Non può essere vero. Da qualche parte Mazzarri deve pure aver iniziato. In qualche scartoffia lasciata in soffitta, magari dal corso di Coverciano, ci deve pur essere stato un plico dedicato a Napoli.
Altrimenti come si spiega quel miracolo che fu la stagione 2009/2010, e poi la 2010/11, e poi ancora la 2011/12, fino all’addio nel 2013?
Una stagione dopo l’altra, questo tecnico toscano che sorride raramente, parla poco ma giusto, a cui basta uno sguardo coi suoi uomini per invertire l’esito di una partita, questo burbero dal cuore d’oro, Walter Mazzarri, ha ricordato alla città di Napoli cosa significa essere grandi nel calcio.

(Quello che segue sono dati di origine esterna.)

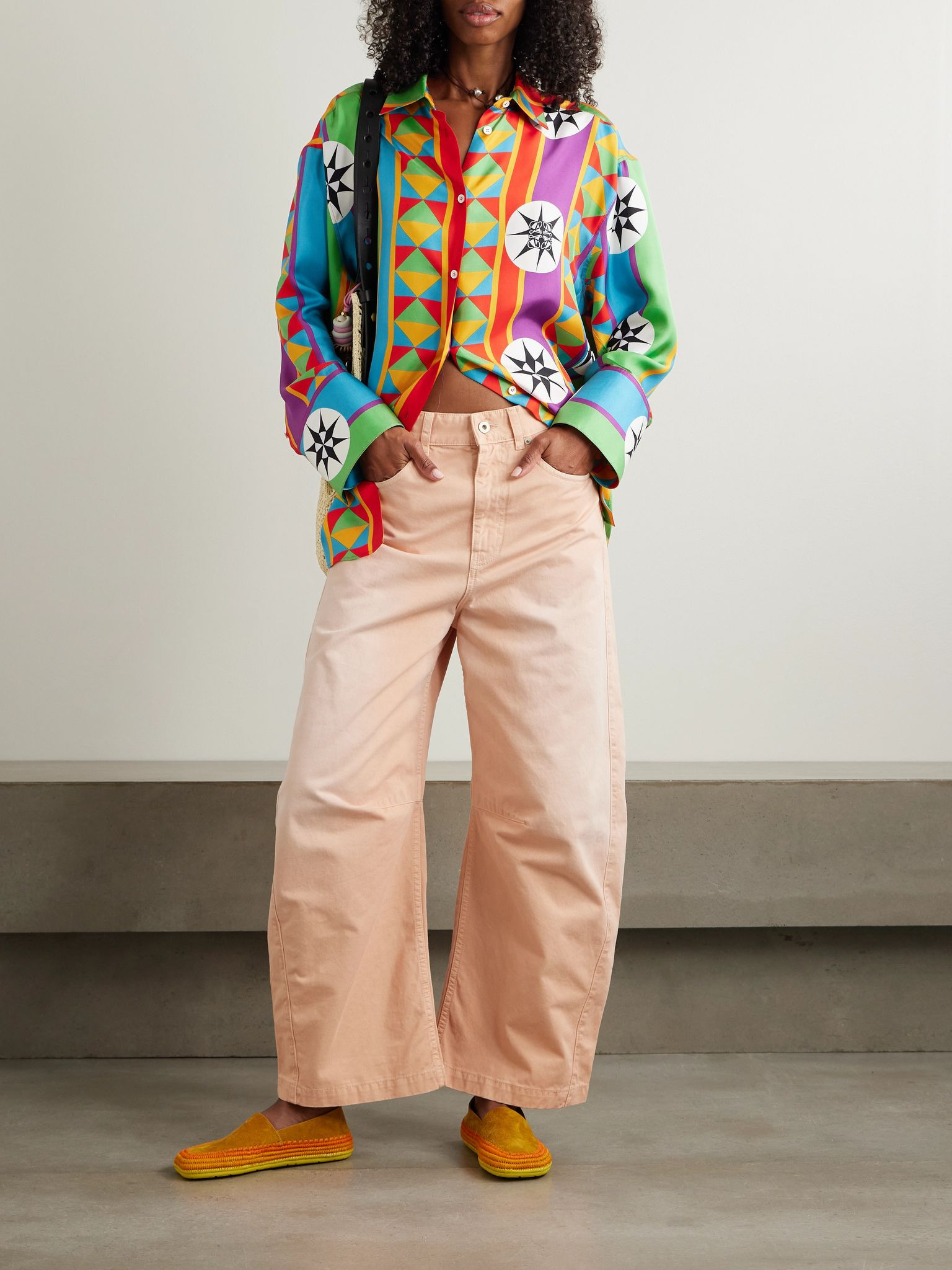 + Paula's Ibiza printed silk-twill shirt Green - 2
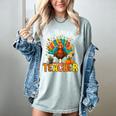 One Thankful Teacher Thanksgiving Turkey Cute Crayon Pencil Women's Comfort Colors T-Shirt Bay One Thankful Teacher Thanksgiving Turkey Cute Crayon Pencil Women's Comfort Colors T-Shirt Bay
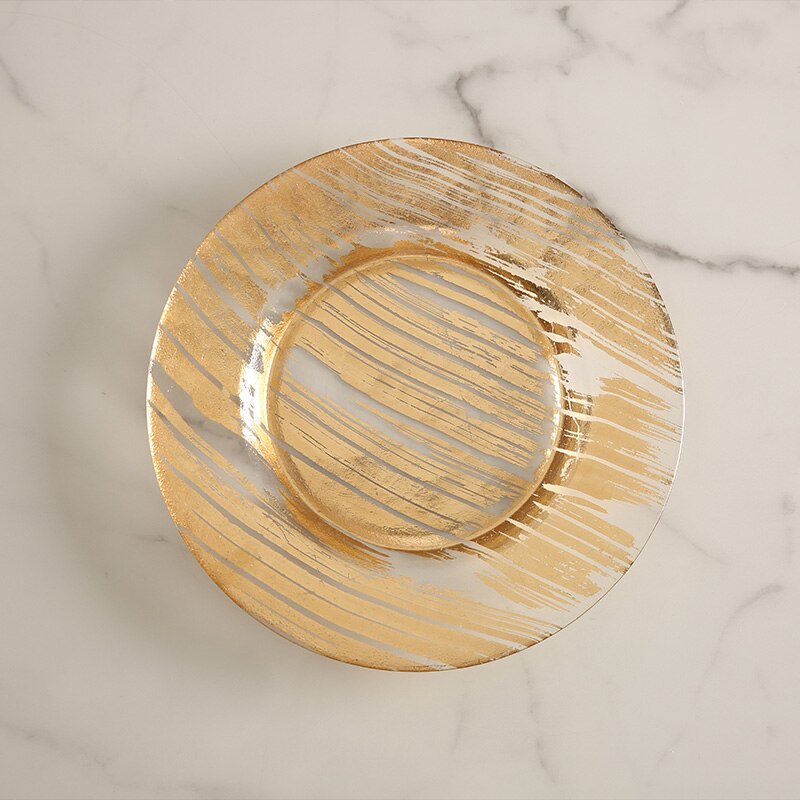 Christmas Luxury Plate Set Dinning Modern Serving Dishes Sets Glass Plate Europen Golden Talerze Obiadowe Dinnerware DL60PZ: 8.5 inch plate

Non lo vivevano dai tempi di Maradona. E se sono dieci stagioni consecutive che i partenopei vanno in Europa, gran parte del merito lo si deve a Walter Mazzarri, che in 4 stagioni è riuscito – insieme allo straordinario lavoro di Bigon ds e De Laurentiis presidente – a rendere il Napoli una realtà nazionale e internazionale.
Gli inizi di Mazzarri a Napoli
Dicevamo, però: da qualche parte Mazzarri deve pure aver iniziato. Spulciando le fonti e i documenti, le cartacce che lui amava poco e nulla, è stato trovato un dettaglio non irrilevante.
Nella stagione 1998/99, una stagione difficile ma non disastrosa, il Napoli è allenato da Renzo Ulivieri. Indovinate chi è il suo vice. Non c’è dubbio che Walter Mazzarri abbia appreso molto – il più possibile – da quella esperienza. E non solo a livello tattico. Certo, il 3-4-3 che vedremo all’opera nel suo Napoli ricalca in qualche modo le idee tattiche di Ulivieri, ma è soprattutto la connessione profonda tra lui, i giocatori e la piazza ad aver rappresentato il surplus decisivo nell’esperienza quadriennale a Napoli.
Quando il Napoli di Mazzarri scende in campo, sei costretto a tenere alta l’attenzione per 90’. Anzi, facciamo pure per 95’. Se non 100 – compreso il recupero di primo e secondo tempo. Una caratteristica, quella di dare tutto dal primo all’ultimo minuto di gioco, che Mazzarri riesce a trasmettere ai suoi giocatori già dall’esordio all’ottava giornata contro il Bologna. Rispetto al proprio predecessore Donadoni, si tratta di un’autentica rivoluzione.
Eppure, l’inizio di partita è col brivido. Adailton disegna una traiettoria magica col suo mancino vellutato, portando in vantaggio il Bologna dopo appena 15’. Da quel momento in avanti è dominio Napoli. Ma vuoi per la pioggia che cade lenta ma insistente, vuoi per Emiliano Viviano, che compie una serie di interventi prodigiosi, la partita il Napoli non riesce proprio a sbloccarla.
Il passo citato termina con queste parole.